**TASK GOAL:** Copy exactly, and copy only, the lines from the one bearing "this 768×576 image." through the final line of the records.

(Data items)
* * * *

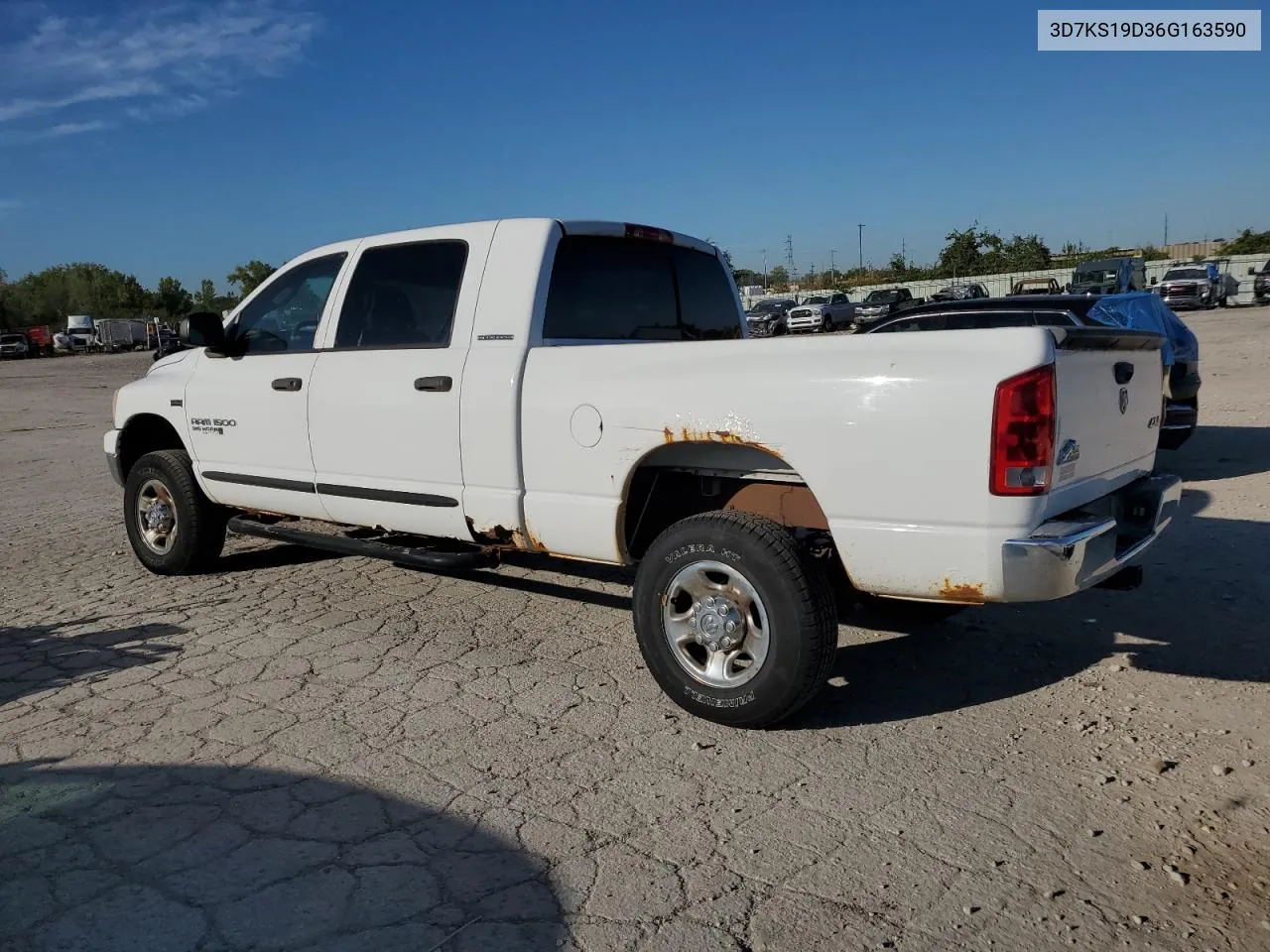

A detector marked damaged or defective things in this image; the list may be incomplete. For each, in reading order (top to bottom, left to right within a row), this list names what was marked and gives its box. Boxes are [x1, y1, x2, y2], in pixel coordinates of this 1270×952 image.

cracked concrete ground [2, 309, 1270, 949]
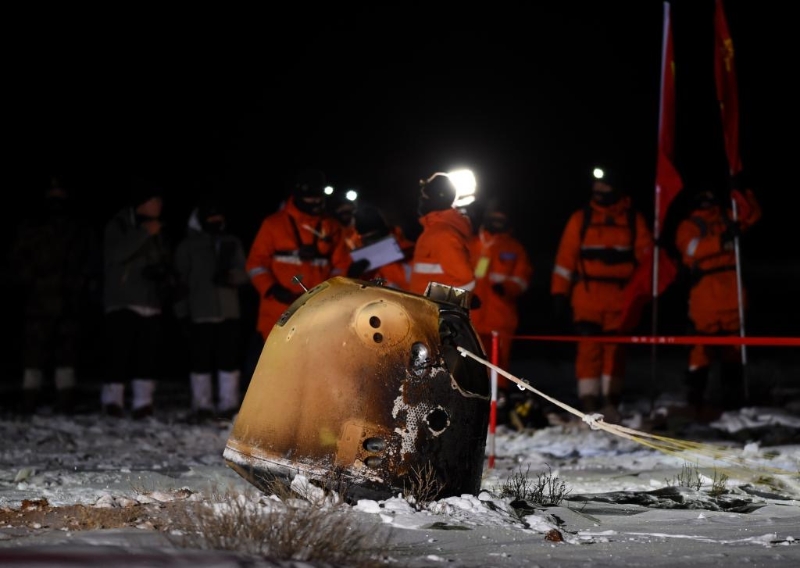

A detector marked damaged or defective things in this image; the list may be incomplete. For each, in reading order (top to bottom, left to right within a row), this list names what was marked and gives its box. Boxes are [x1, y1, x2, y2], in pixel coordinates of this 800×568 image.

charred metal panel [222, 276, 490, 502]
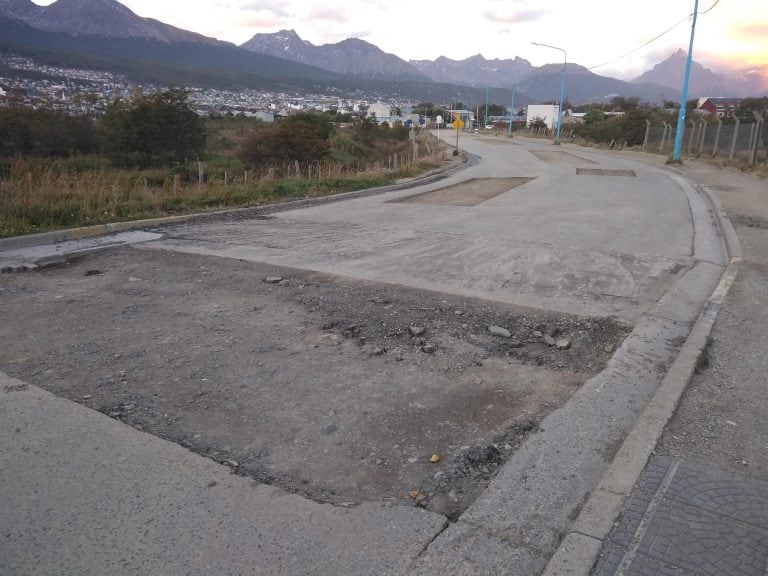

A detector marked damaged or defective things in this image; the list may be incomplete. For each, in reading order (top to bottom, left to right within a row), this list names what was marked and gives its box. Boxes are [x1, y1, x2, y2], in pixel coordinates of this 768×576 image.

damaged road surface [0, 136, 724, 576]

* * * *

**OUTPUT FOR THIS EXERCISE:**
A detector marked damaged or defective things in this image; the list may be incomplete. For each, in reading order (top to bottom, left to right within a row), this list names what was marked and gives its box. Boxes are [x1, y1, x2, y2], in pixel coordinates of this 768×576 image.

damaged road surface [0, 136, 724, 576]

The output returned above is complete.